RECORDED INFORMATION —

================================

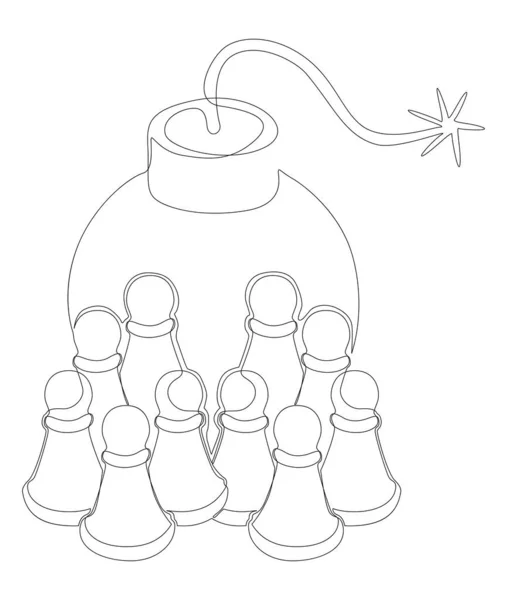 Kontinuerlig Rad Bonde Chess Piece Bomb Tunn Linje Illustration Vektor — Stock vektor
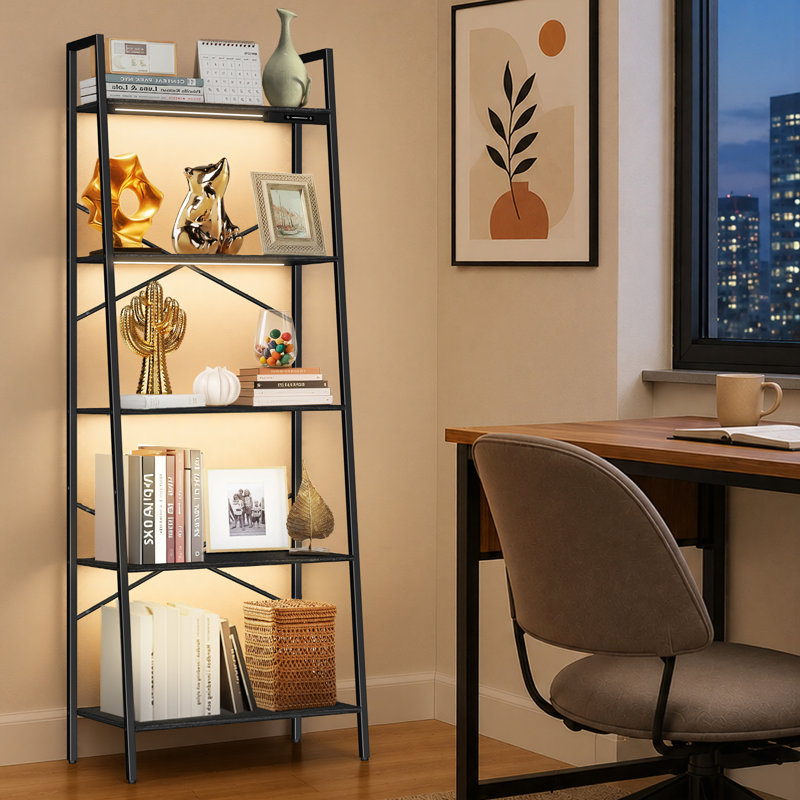 5-Tier Metal Ladder Bookcase with Lighting, Black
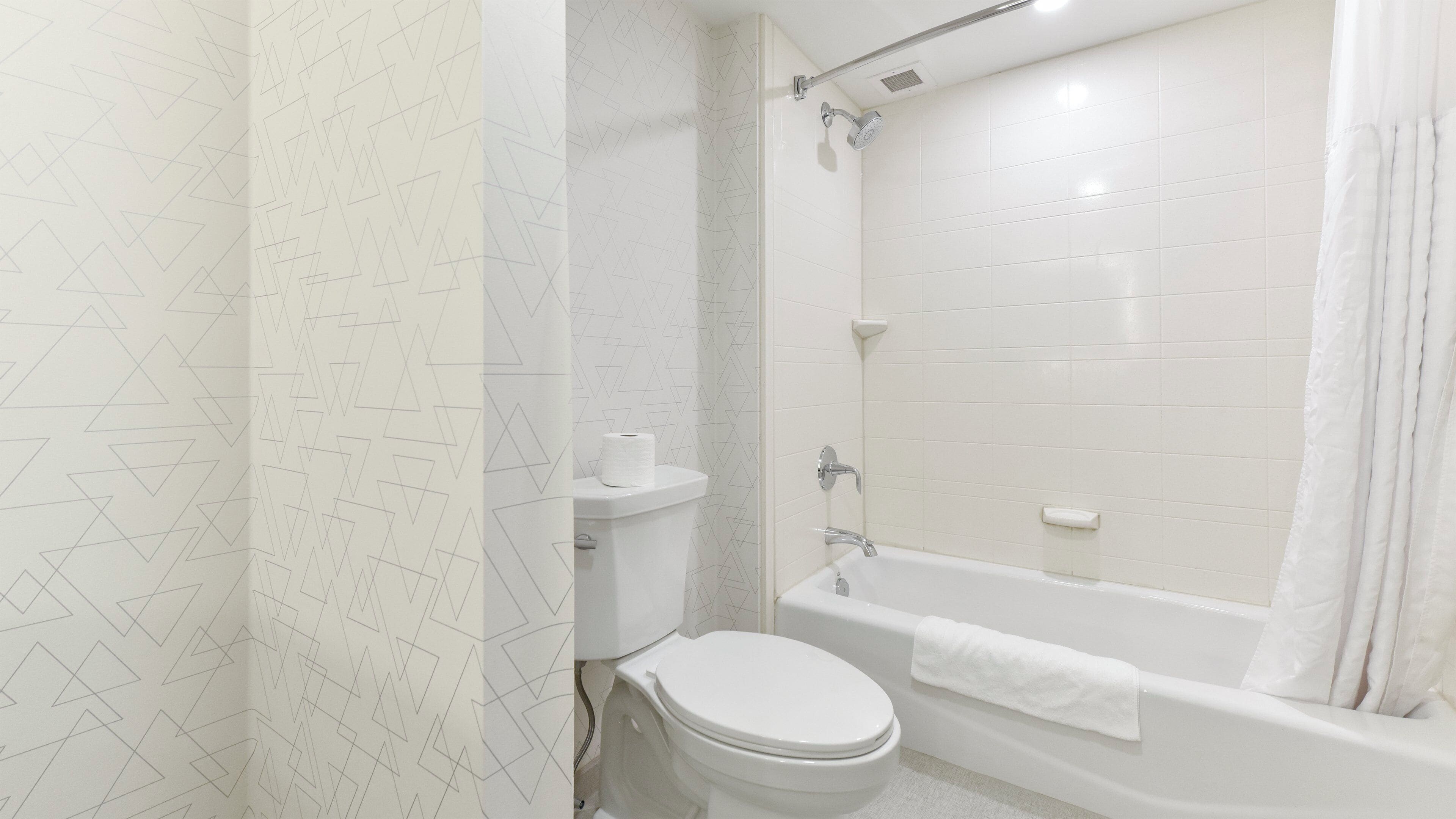 A modern bathroom with a toilet, a shower, and a bathtub.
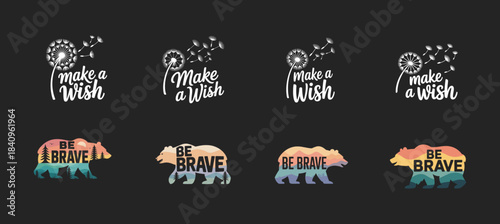 Make A Wish Dandelion And Be Brave Bear Silhouettes seeds blowing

================================

DESCRIPTION OF THE TASK — From the line that contains "A modern bathroom" through the last line of the listing, copy each line exactly; both end lines stay in, and pictures stay out.

OUTPUT BELOW —
 A modern bathroom with a toilet, a shower, and a bathtub.
 Make A Wish Dandelion And Be Brave Bear Silhouettes seeds blowing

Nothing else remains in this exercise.